In order to solve the above-described problems, the present invention captures an object through a focus lens and converts the object light into an electrical signal.
A signal extraction step of extracting the first focus control signal based on the middle and high frequency components in the luminance signal obtained in the imaging step;
A signal extraction step of extracting a second focus control signal from which a high-luminance portion of the first focus control signal is removed;
An evaluation signal generating step for generating a first evaluation value according to the position of the focus lens from the first focus control signal;
An evaluation signal generating step for generating a second evaluation value from the second focus control signal according to the position of the focus lens;
A comparison in which the difference between the first evaluation value and the second evaluation value at the positions where the lens positions are substantially the same is detected, and the first evaluation value is excluded from the focus position candidates when the detected difference is large. Steps,
An imaging method comprising the step of controlling the position of the focus lens using both the first evaluation value processed in the comparison step and the first evaluation value not processed in the comparison step.

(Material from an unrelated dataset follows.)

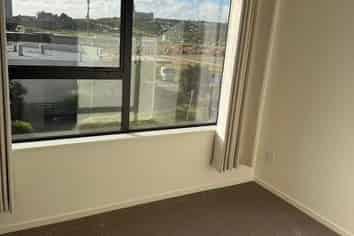 11 Waipuhinui Way, Wiri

An imaging means for imaging a subject through a focus lens and converting the subject light into an electrical signal;
Signal extraction means for extracting a first focus control signal based on a middle-high frequency component in the luminance signal obtained by the imaging means;
Signal extraction means for extracting a second focus control signal from which a high-luminance portion of the first focus control signal is removed;
An evaluation signal generating means for generating a first evaluation value from the first focus control signal according to the position of the focus lens;
An evaluation signal generating means for generating a second evaluation value according to the position of the focus lens from the second focus control signal;
A comparison in which the difference between the first evaluation value and the second evaluation value at the positions where the lens positions are substantially the same is detected, and the first evaluation value is excluded from the focus position candidates when the detected difference is large. Means,
An image pickup apparatus including means for controlling the position of the focus lens based on the first evaluation value processed by the comparison means.

  According to the present invention, it is possible to prevent out-of-focus due to a high-luminance subject. In the present invention, the setting range for removing high brightness is reduced, and even if the contrast signal from all high brightness subjects cannot be removed, a false peak due to the high brightness subject can be detected and correctly focused. . In the present invention, the circuit scale can be reduced by reducing the set width.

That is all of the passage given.